|
|
|
|
VUK geregi yasal zorunluluk uyarınca TL olarak kesilmiş bir ( ihraç kayıtlı)faturanın ( aslında alacak USD) cari hesap ve fatura zorunlu TL olması durumu için,zorunlu olarak ( fatura ve cari TL olduğu için)TL olarak icra takibine konu edilmesi halinde de tercih hakkı kararda belirtildiği gibi kullanılmış olur mu? Kur farkı sonradan talep edilebilir mi?
davacı tarafın alacağını ya alacağın muaccel olduğu tarihteki ya da fiili ödeme tarihindeki kur üzerinden isteme seçeneği bulunduğu halde, davacı vekilinin seçme hakkını alacağın muaccel olduğu tarihteki kur üzerinden Türk Lirası olarak yaptığından artık kur farkı istemesinin olanaklı bulunmamasına
Kararda kritik nokta burası; zorunlu olarak TL kesilmiş bir faturanın TL olarak icra takbine konu edilmesi halinde tercih hakkı TL olarak kullanılmış,kur farkı alacağından vazgeçilmiş olur mu?
|
|
 |
|
 |
|
Sorunun cevabının, genel kuralların yanısıra , "ihraç kayıtlı fatura" özellikleri ,3065 sayılı KDVK.hükümleri, VUK. ile Türk Parasının Kıymetini Koruma Hakkında 32 ve 85 sayılı Cumhur başkanlığı Kararına İlişkin Hazine ve Maliye Bakanlığı Tebliğlerdeki hükümler incelenerek verilmesin uygun olacağını düşünüyorum. Benim şahsen bu ayrıntılı konularda fazla bir uğraşımım bulunmadığından soruyu genel kanun hükümlerine göre ele aldığımızda, sorunun cevabına yaklaşım gösteren aşağıda yazılı Yargıtay kararını emsal olarak gösterebilirim.
YARGITAY 19.HD.10.12.2015 T. 2015/413 E.2015/16682 K.)
"...Yabancı para üzerinden yapılan alım satımlarda Vergi Usul Kanunu hükümleri gereğince faturaların Türk Lirası üzerinden düzenlenme zorunluluğu bulunduğundan
faturalarda belirtilen yabancı paranın Türk Lirası karşılığı kur gözetilerek fatura tarihlerinde ödeme yapılmayıp daha sonra Türk Lirası ile ödeme yapılması durumunda kur farkı istenebilir.

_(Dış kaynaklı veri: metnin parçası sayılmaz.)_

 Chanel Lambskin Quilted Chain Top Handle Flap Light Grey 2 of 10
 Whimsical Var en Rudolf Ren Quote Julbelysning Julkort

Bunun için taraflar arasında bir teamül oluşmasına da gerek bulunmamaktadır.
Kambiyo senedi düzenlenmesi tek başına borcun tecdidi (yenilenmesi) sonucunu doğurmaz. Borcun tecdidi (yenilenmesi)nin sözleşmeden açıkça anlaşılması gerekir. Taraflar arasında borcun yenilenmesine ilişkin bir sözleşme bulunduğu savunulmadığına göre davacının temel ilişki nedeniyle düzenlediği faturalar ve koşullarının oluştuğunun saptanması durumunda kur farkı talep edebileceğinin kabulü gerekir."